In this role, you will be responsible for ensuring the highest quality of pharmacovigilance operations and safety outputs and analysis in compliance with global regulations and standards. The ideal candidate for this position should possess experience in the pharmaceutical industry and safety and pharmacovigilance, along with a demonstrated track record of success in safety surveillance, data analysis, aggregate reports. You should have excellent organizational, analytical, and problem-solving skills, as well as the ability to work collaboratively with all levels of the organization.

QUALIFICATIONS:

• Bachelor’s degree in Life Sciences, Master’s degree is a plus, with 8 – 10 years of experience in drug safety/pharmacovigilance within the pharmaceutical or biotech industry or equivalent experience
• Experience working with a Pharmacovigilance database, with preference given to experience with Argus Global safety database and data output
• In-depth knowledge of US and ICH safety reporting regulations and guidelines
• Proficiency in participating in internal audits, partner audits, risk assessments, and compliance monitoring activities
• Strong working skills in MS Word, Excel, and PowerPoint, including statistical analysis
• Excellent understanding of medical concepts and medical terminology
• Proficient in both written and spoken English, with excellent written and verbal communication skills to interact across multiple functions
• Attention to detail with strong scientific, analytical, and conceptual skills, enabling the ability to reach reasoned conclusions
• Ability to work independently, manage multiple priorities, and adapt to changing demands in a fast-paced environment. Must meet internal and external deadlines
• Strong organizational abilities
• Self-motivation and the ability to work collaboratively as a team member are essential
  The anticipated annualized base pay range for this full-time position is $180,000-$220,000. Ardelyx utilizes industry data to ensure that our compensation is competitive and aligned with our industry peers. Actual base pay will be determined based on a variety of factors, including years of relevant experience, training, qualifications, and internal equity. The compensation package may also include an annual bonus target and equity awards, subject to eligibility and other requirements.
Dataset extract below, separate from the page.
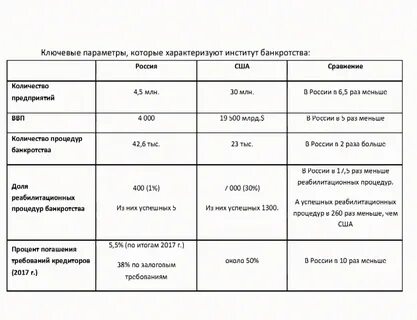 Сколько процедур банкротства предусмотрено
  Ardelyx also offers a robust benefits package to employees, including a 401(k) plan with generous employer match, 12 weeks of paid parental leave, up to 12 weeks of living organ and bone marrow leave, equity incentive plans, health plans (medical, prescription drug, dental, and vision), life insurance and disability, flexible time off, annual Winter Holiday shut down, and at least 11 paid holidays.
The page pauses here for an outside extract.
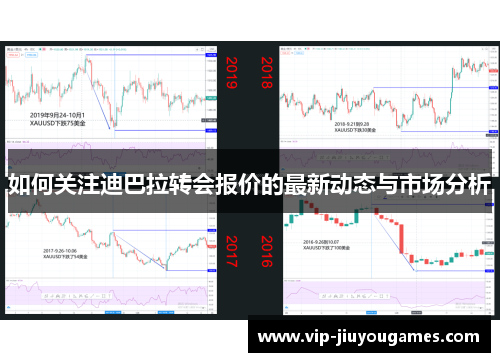 如何关注迪巴拉转会报价的最新动态与市场分析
  Ardelyx is an equal opportunity employer

• Ensure compliance with regulatory standards by providing timely and accurate safety data outputs to relevant stakeholders like regulatory agencies and internal teams
• Collect, analyze, and provide accurate adverse event data from clinical trials and post-market surveillance assuring the generation of accurate reports
• Support the PV in coordinating medical-scientific monitoring and assessing the safety profile of one or more Ardelyx products
• Prepare Pharmacovigilance meeting materials/presentations for cross-functional safety meetings
• Lead and contribute as necessary applying knowledge of safety, regulatory science, and signal surveillance to manage characterization of the compound/product safety benefit-risk profile.
• Provide assistance in the Pharmacovigilance development of the initial safety surveillance development strategy and leading subsequent updates to this strategy.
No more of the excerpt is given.